Italy chortled over this greatest prize catch of her war with Britain. It made up for the shooting down by the R. A. F of Air Marshal Italo Balbo, Italy's Governor and Military Commander in Libya (TIME, July 8).* The Boyd capture was doubly triumphal because all hands knew his arrival at Cairo was to presage hotter and harder air blows by the R. A. F. at Italy's forces in Libya, Albania, the Dodecanese. Such blows had already begun with R. A. F. using its new Greek bases in Crete and elsewhere for fresh attacks last week upon Durazzo, Valona, Brindisi, Bari, and for covering actions with the Greek infantry. Captive Boyd's superior, Air Chief Marshal Sir Arthur Longmore, last week visited the new bases in Greece, conferred with Premier Metaxas, Generalissimo Papagos and King George II. Meantime his men were becoming more active in Africa.

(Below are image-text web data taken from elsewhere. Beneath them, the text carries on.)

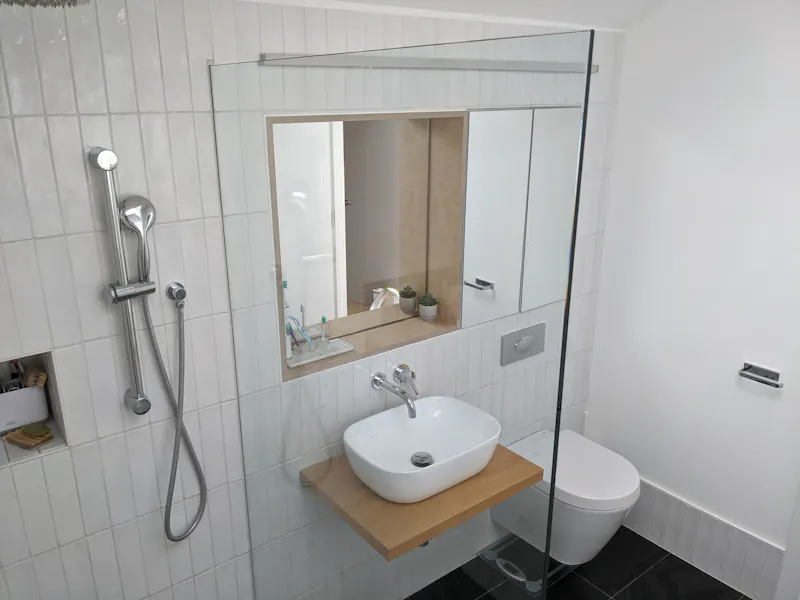 Shower at New-build mews in Finsbury, D2525 (photo 18)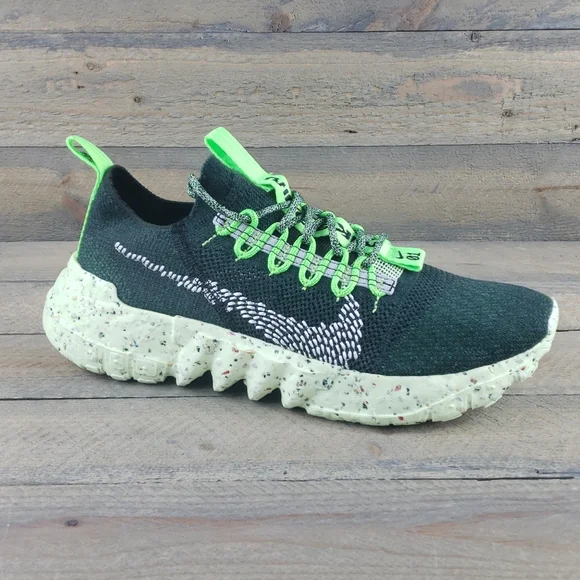 NEW Nike Space Hippie 01 Carbon Green Men's Flyknit Running Streetwear  Sneakers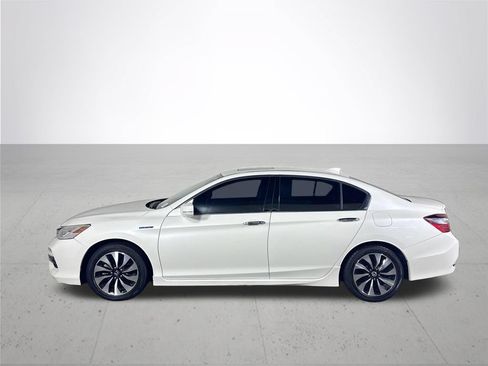 Used 2017 Honda Accord Touring image 9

Four Australian fighters saw their first action on the Libyan front, and claimed five Italians downed to one of themselves. Fifteen other British planes took on 60 Italians in the same area, getting ten of them without losing one man or plane (the Italian score for this action was seven British, three Italians). For their part, the Italians replied with intensified bombing of Alexandria, where one night they killed 52 civilians, wounded 79, and of Malta, Ismailia (Suez Canal port) and Cairo, where King Farouk subscribed $2,000 for air-raid victims and the Government added $12,000, the Cabinet $1,000.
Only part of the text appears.